Nice! No more missing values. Now let's take a look at our imputed data.

In [None]:
training.head()

In [None]:
testing.head()

<a id="p4"></a>
# **4. Plotting and Visualizing Data**
It is very important to understand and visualize any data we are going to use in a machine learning model. By visualizing, we can see the trends and general associations of variables like Sex and Age with survival rate.
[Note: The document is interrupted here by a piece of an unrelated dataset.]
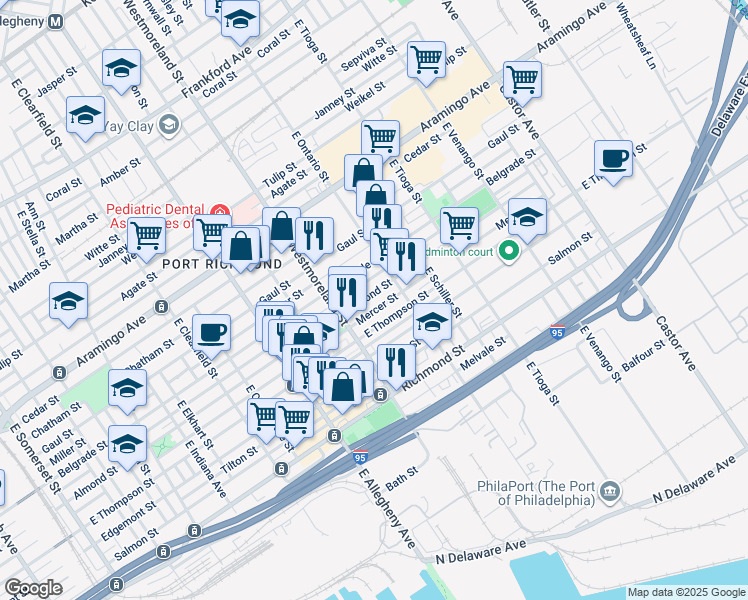 map of restaurants, bars, coffee shops, grocery stores, and more near 3351 Almond Street in Philadelphia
We can make several different graphs for each feature we want to work with to see the entropy and information gain of the feature. 

**Gender**

In [None]:
#can ignore the testing set for now
sns.barplot(x="Sex", y="Survived", data=training)
plt.title("Distribution of Survival based on Gender")
plt.show()

total_survived_females = training[training.Sex == "female"]["Survived"].sum()
total_survived_males = training[training.Sex == "male"]["Survived"].sum()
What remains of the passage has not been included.